Other considerations will include:
If the epidemic is not specifically included as a force majeure event, could it nevertheless be covered under other wording of the clause?For example, are there government decisions or actions that might fall within the scope of any political interference or potentially change in law wording?
Whether there are any notice requirements in relation to an event of force majeure. If notice of force majeure is to be given, it should be issued in line with the provisions of the contract. Failure to do so may result in the affected party not being able to rely on the force majeure clause or claim relief from impact of the force majeure event.
Whether the triggering event must ‘prevent’ performance. Where such wording is used, the English Courts have held that the party seeking to rely on the force majeure clause must be able to demonstrate that performance of the contract is “legally or physically impossible and not just difficult or less profitable”. Alternatively, words like ‘hinder’ or ‘delay’ have a wider scope and will generally be satisfied if it can be shown that performance is significantly more arduous.

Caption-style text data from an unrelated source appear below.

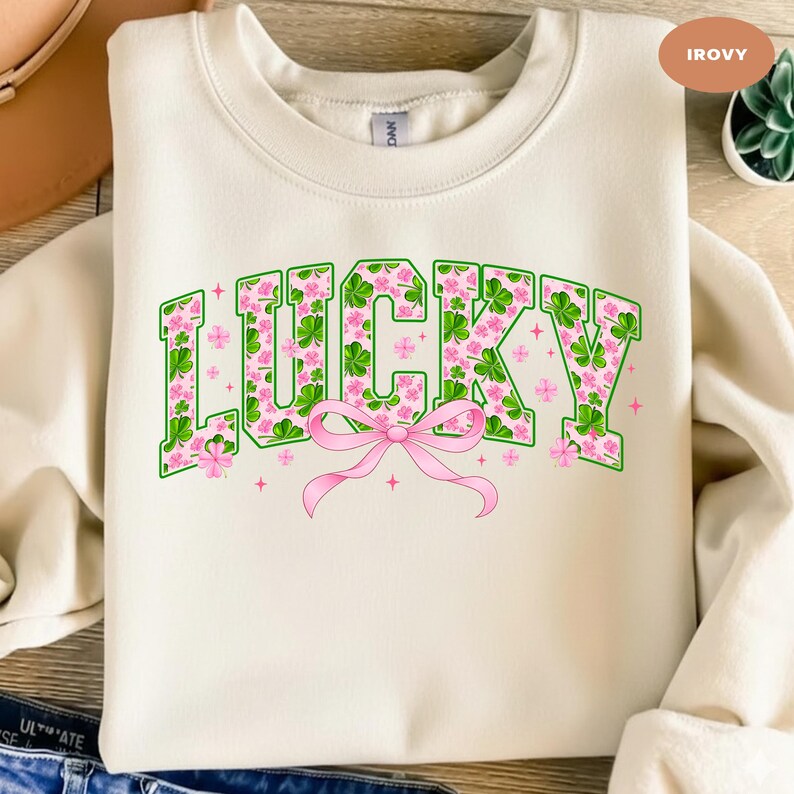 May include: Cream-colored sweatshirt with the word "LUCKY" in green, floral-filled letters. The letters are outlined in green and filled with pink flowers and green shamrocks. A pink bow is centered below the word, with pink star accents.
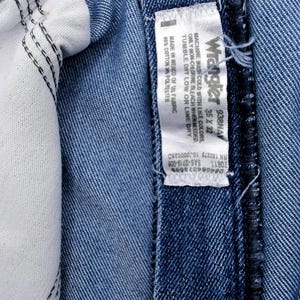 Peut inclure: Gros plan sur un jean en denim bleu, r&eacute;v&eacute;lant les d&eacute;tails int&eacute;rieurs. L'image met en &eacute;vidence la doublure blanche, les coutures et une &eacute;tiquette avec la marque Wrangler et les informations de taille. Le jean est en coton et polyester.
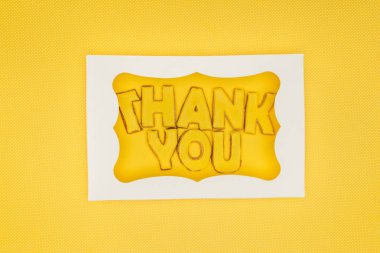 square-shaped cake in box with thank you lettering isolated on yellow background clipart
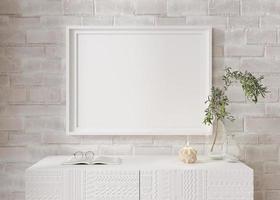Empty horizontal picture frame on white brick wall in modern living room. Mock up interior in minimalist, contemporary style. Free space for your picture, poster. Console, candle, plant. 3D rendering. photo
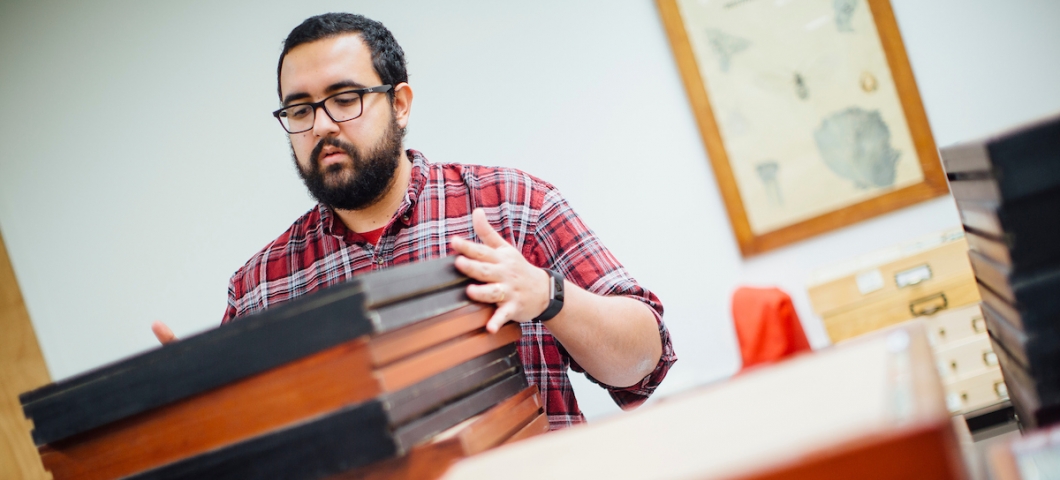 Vinicius Ferreira examines beetle collections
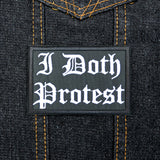 A rectangular black embroidered patch with white Gothic lettering that reads 'I Doth Protest'.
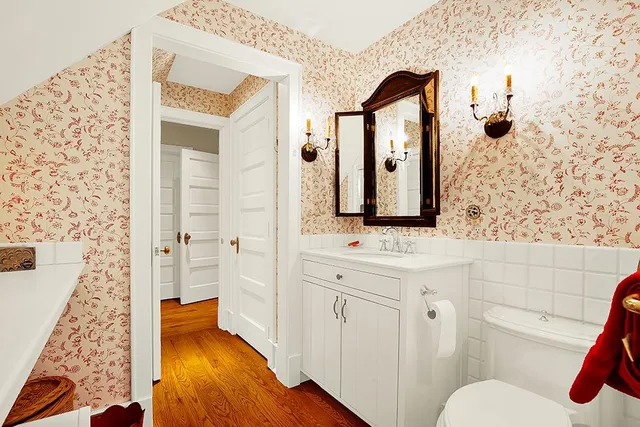 a bathroom with a toilet a sink and mirror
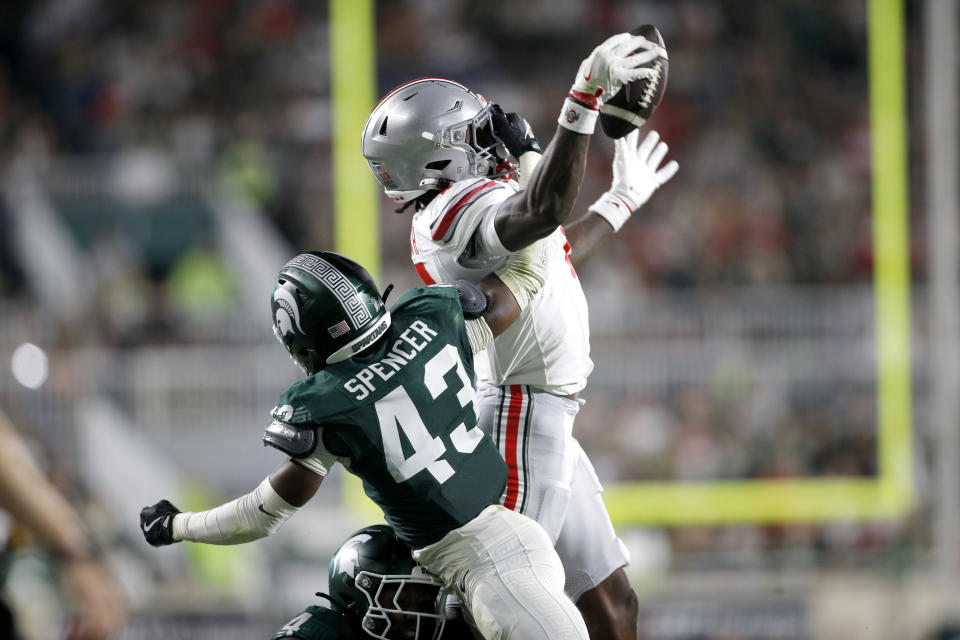 Ohio State wide receiver Jeremiah Smith, right, catches a pass for a first down against Michigan State defensive end Malik Spencer (43) during the first half of an NCAA college football game, Saturday, Sept. 28, 2024, in East Lansing, Michigan (AP Photo/Al Goldis)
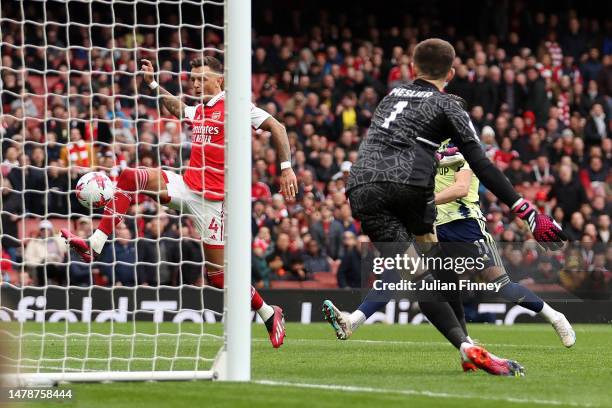 Ben White of Arsenal scores the team's second goal past Illan Meslier of Leeds United during the Premier League match between Arsenal FC and Leeds...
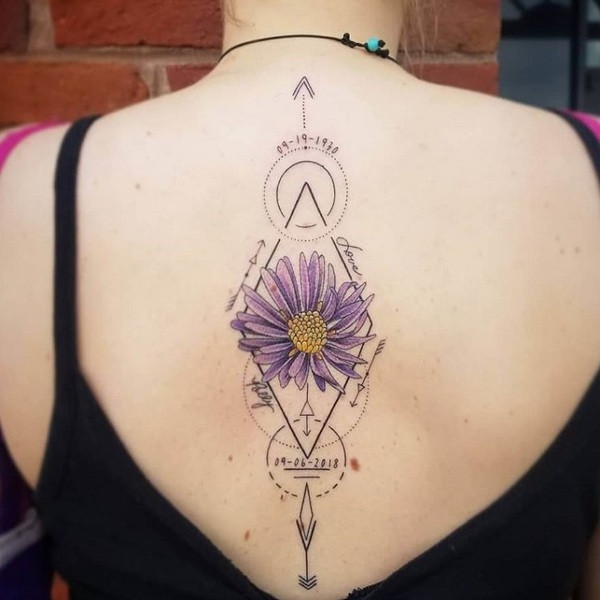 Shoulder blade aster flower tattoo in watercolor style, featuring soft blue and purple hues with green leaves.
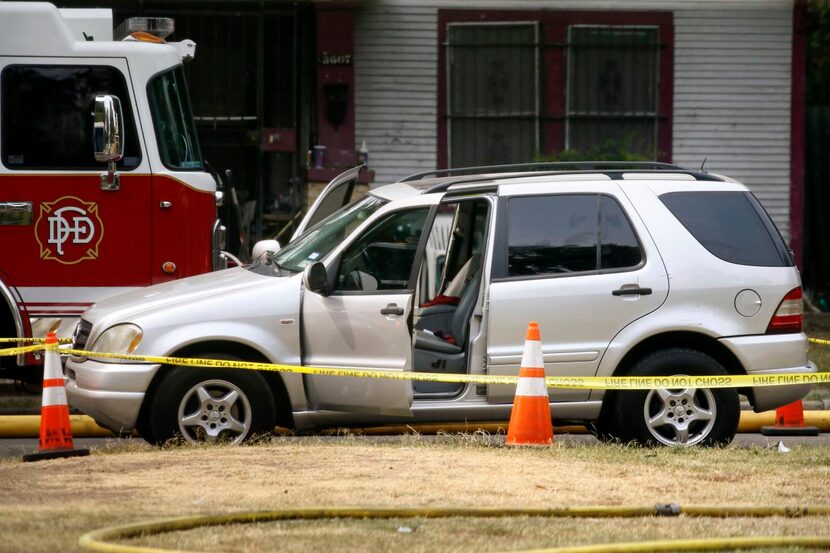 A Mercedes SUV , surrounded in police tape, was the site of an officer’s shooting of a...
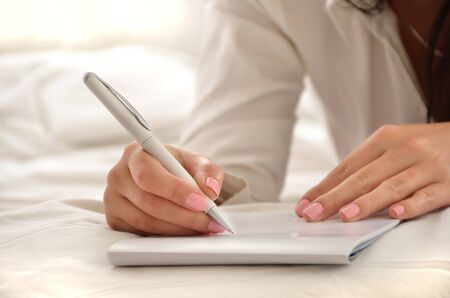 Close up of a young woman in a white scene writing on a pad.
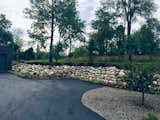 Natural Michigan Fieldstone hold back the hillside to accommodate parking for guest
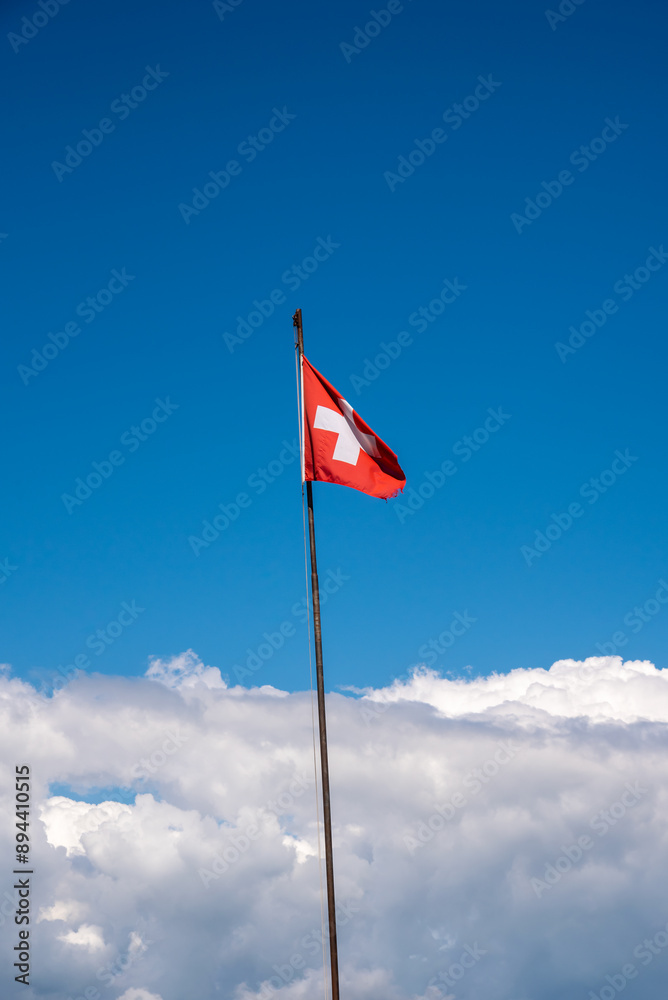 swiss flag on a long pole with the blue sky and cumulus clouds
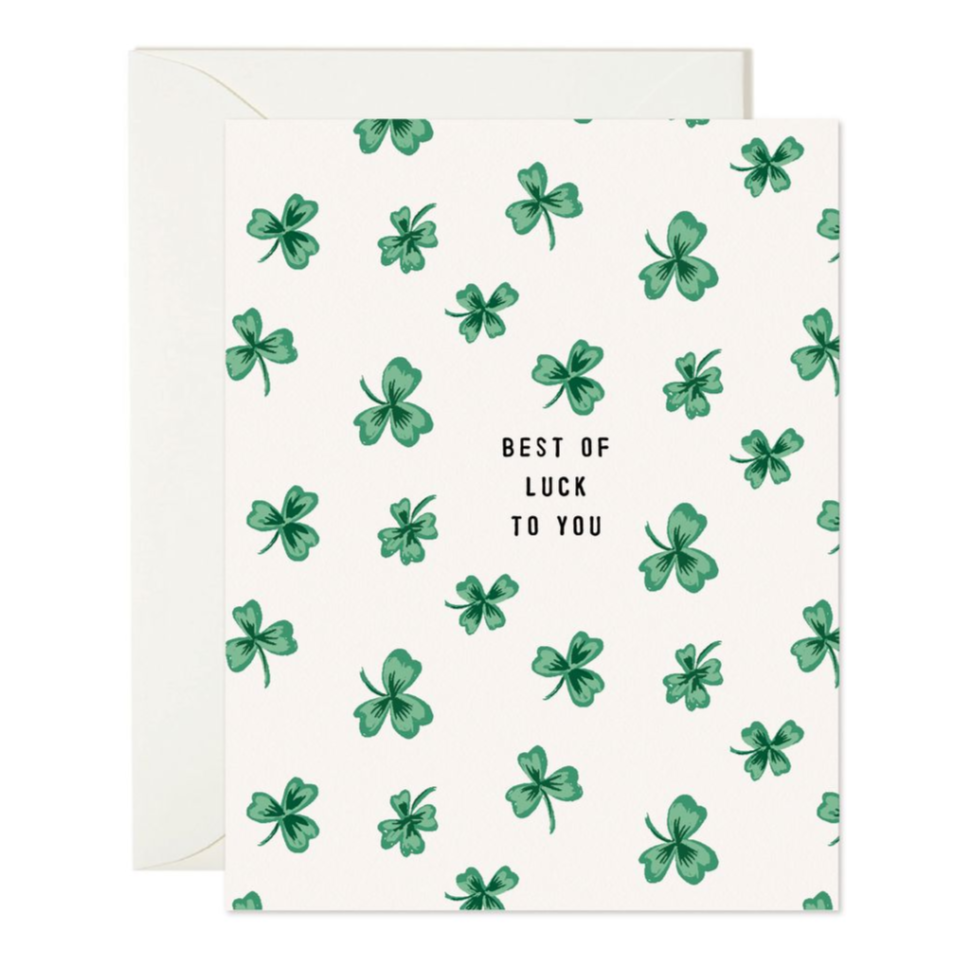 white card with green shamrocks reading "Best of luck to you"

By way of example, if ‘key personnel’ are being denied entry to the country in which the project site is based, the affected party may be able to argue that performance of the contract would be physically impossible without such people present. By contrast, if the persons being denied entry are not ‘key personnel’ or similar, establishing a case for force majeure may not be as straightforward. Ultimately, the English Courts will seek to enforce the performance of a contract and therefore a mere increase in the cost of performance will not in itself be enough to trigger the force majeure provisions under a contract, unless expressly provided for.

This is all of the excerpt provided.